Is Thanksgiving a time that we should put aside petty differences and unite around our common heritage of eradicating Native Americans?

“Nothing says ‘family’ like petty differences. And nothing says ‘Thanks’ like wiping out an entire continent of peoples, raping their sacred lands, serving up over 500 years of betrayal and oppression—and then feasting in celebration! Goddamn—I am just so proud to be an American right now.”

Any advice for cooking a turkey? Any advice for secretly getting drunk while everyone else is busy cooking a turkey?

“I don't see why preparing a feast and getting openly, brazenly drunk should be two irreconcilable, exclusive activities. I like to start drinking the second I begin preparing the feast, which is usually 24 hours in advance. Sort of a ‘girding of the loins,’ if you will. Instead of turkey I typically roast a capon, which is sort of like the veal of the poultry world. In keeping with the spirit of the ‘holiday,’ I like to be able to taste as much suffering as possible in my comestibles. I don't like to divulge my top secret roasting method, but it does involve adding so much bacon and sausage that the capon becomes virtually unrecognizable.

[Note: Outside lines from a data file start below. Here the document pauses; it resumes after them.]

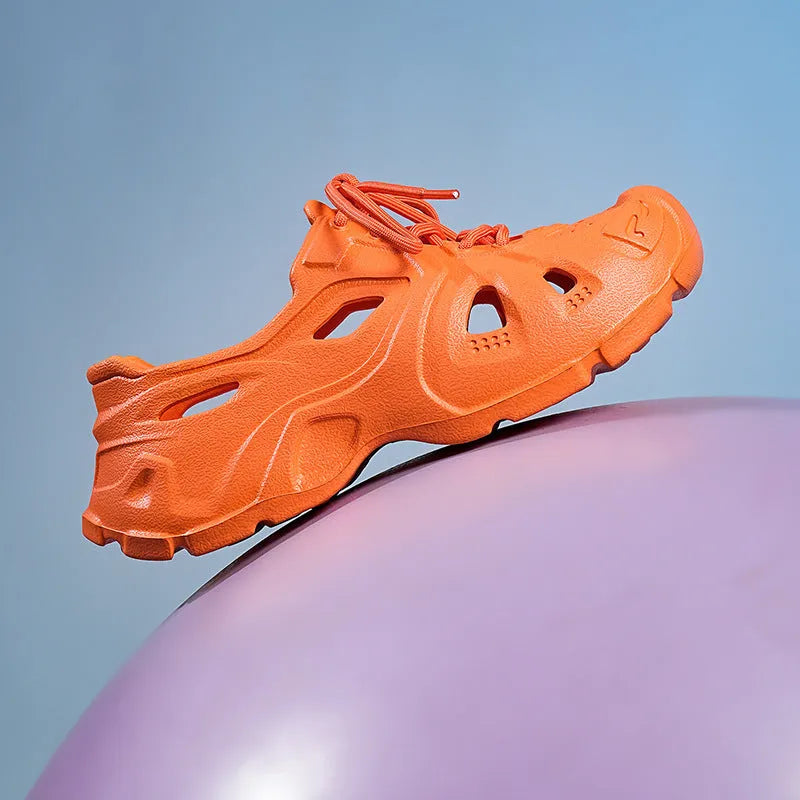 EVA thick bottom sandals in fluorescent green, orange red, and rose red colours showing unisex beach shoe design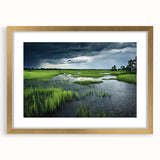 Framed wall art collection showcasing a serene marsh landscape with lush greenery and gentle water reflections, accented by a gold frame and mat, perfect for home decor.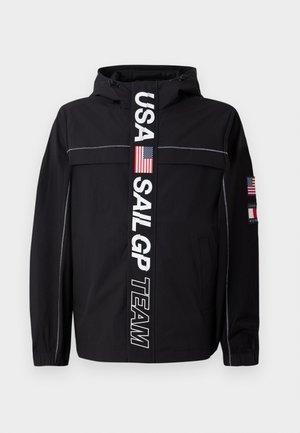 Black jacket with a hood, featuring a central white stripe with "USA SAIL GP TEAM" text and American flag emblem; includes zippered pockets.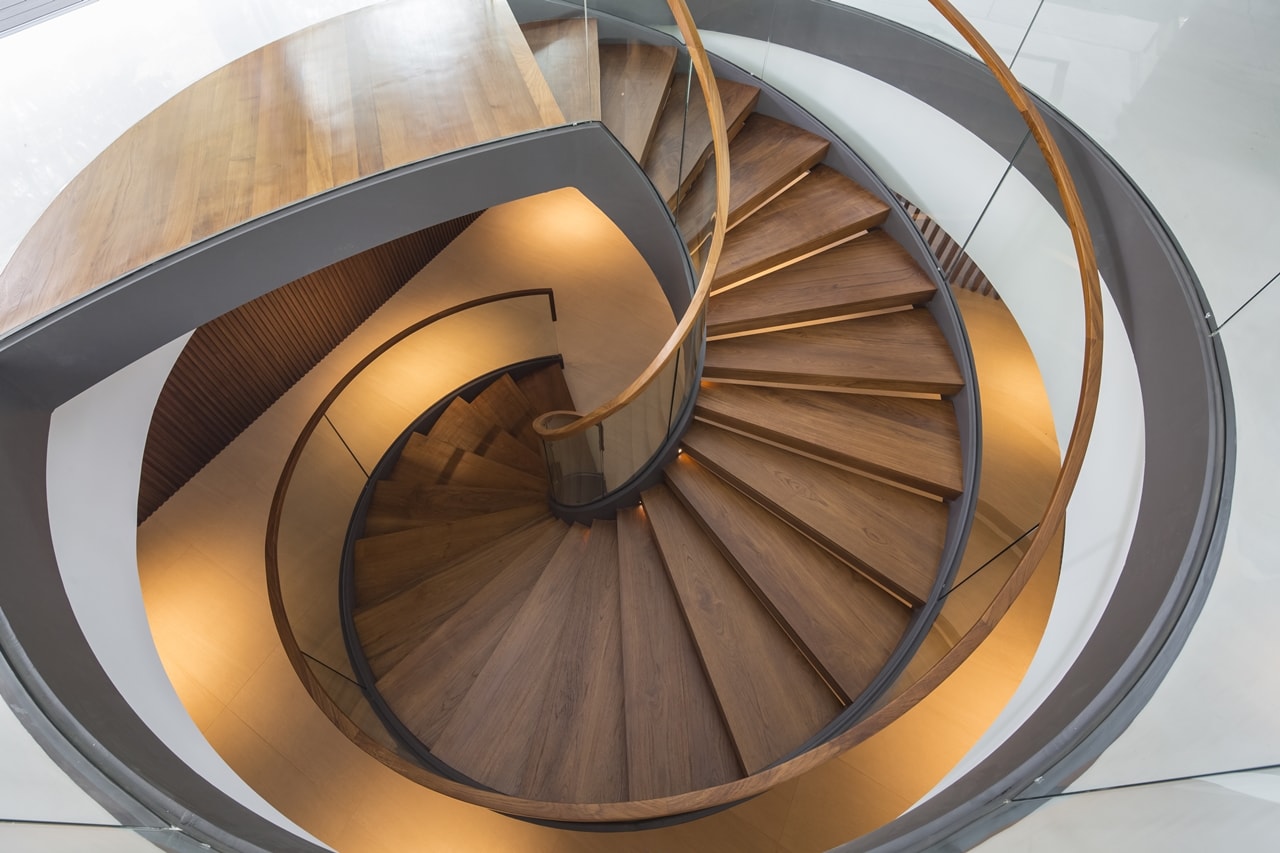 Spiral staircase in modern mansion designed by Wallflower Architecture and Design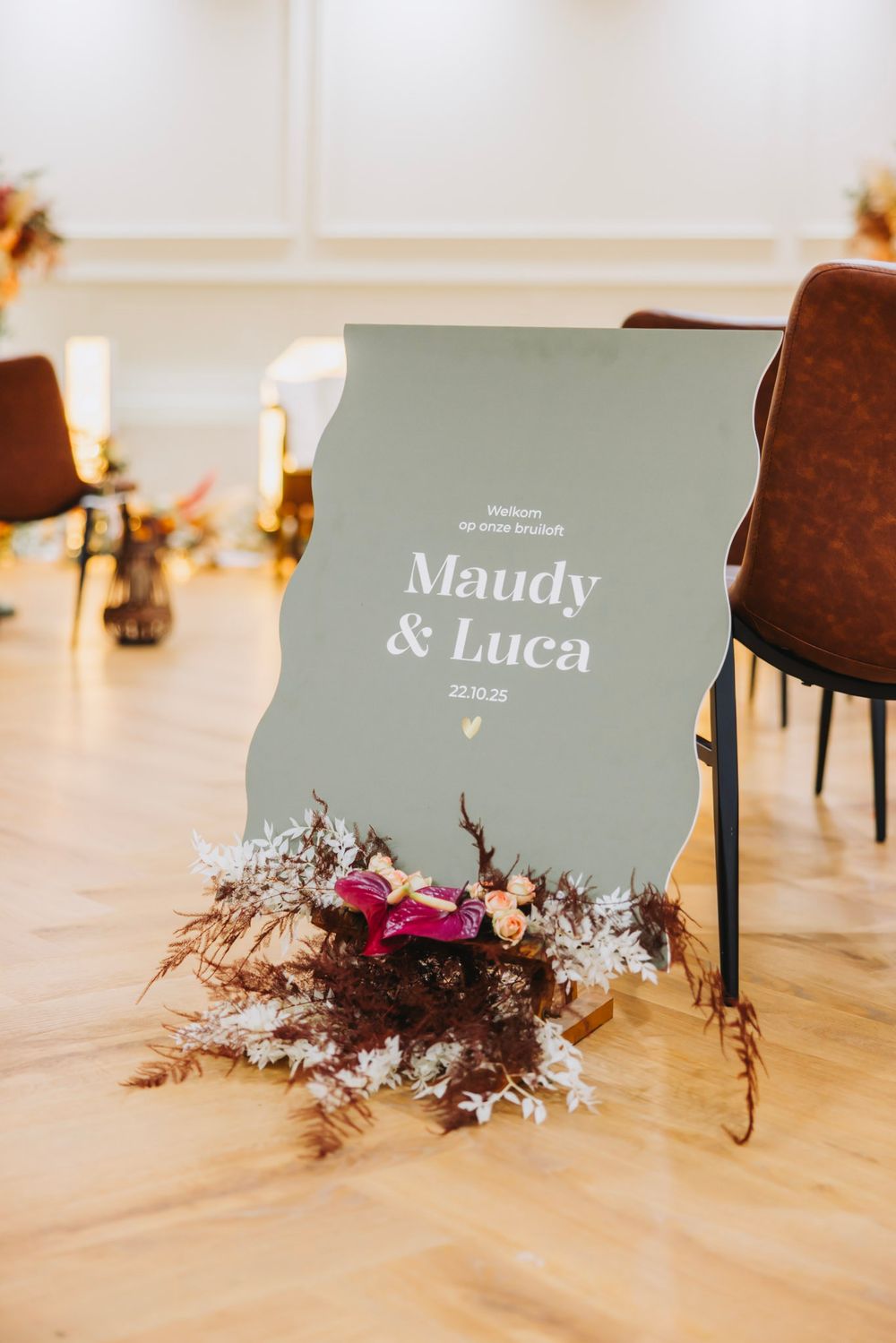 Wedding signage for displayed with dried flowers and pink accents on a wooden floor.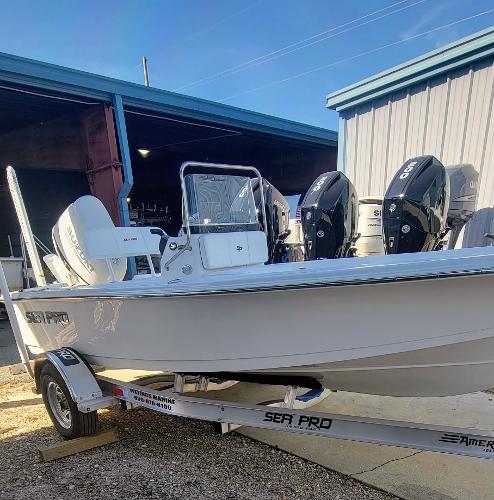 Slide: The Image of 2024 Sea Pro 172 Bay boat on trailer with dual outboard motors. - 0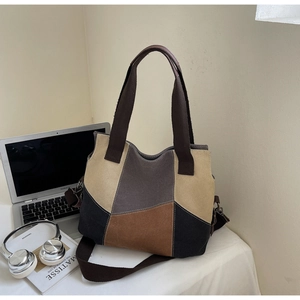 Detailed shot of multi-color patchwork canvas tote bag with adjustable shoulder strap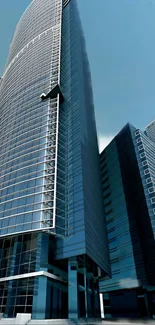 Tall, sleek skyscrapers under a vibrant blue sky.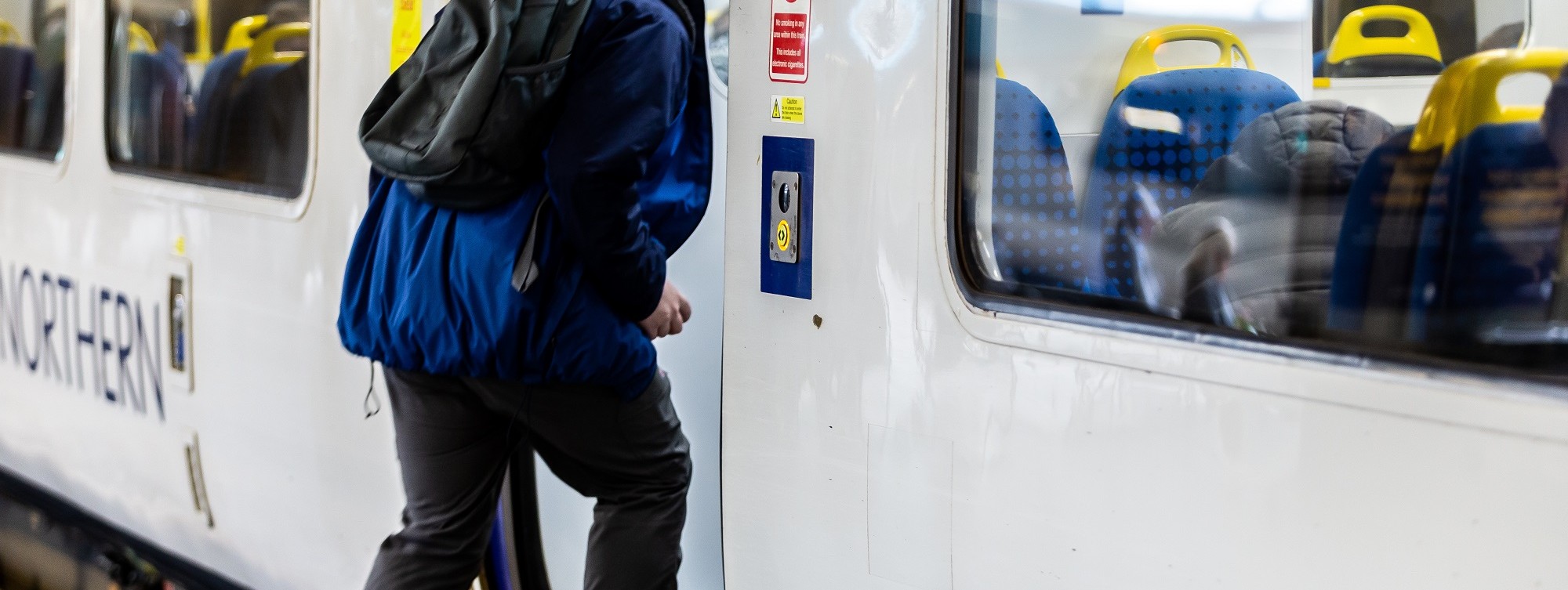image-shows-customer-boarding-a-train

And lots of vermouth.”

Most awkward Thanksgiving story?

“At the dinner table my grandfather put down his fork, wiped his mouth, and announced that not only was the rapture nigh but that the Antichrist would be coming from out of Russia. My belief is that Grandpa suspected Vladimir Putin of being the Antichrist. I personally suspect him of being Dobby the House Elf from the movie ‘Harry Potter and the Chamber of Secrets.’ Google Image that shit and just tell me I am mistaken.”

Comments

David Ryan 14 years, 2 months ago

I did not know that Caesar typically had lemon juice in hot water for breakfast.

CarolCovin 10 years, 11 months ago

Thanksgiving will never be the same. Thanks for the roaring laughter this morning.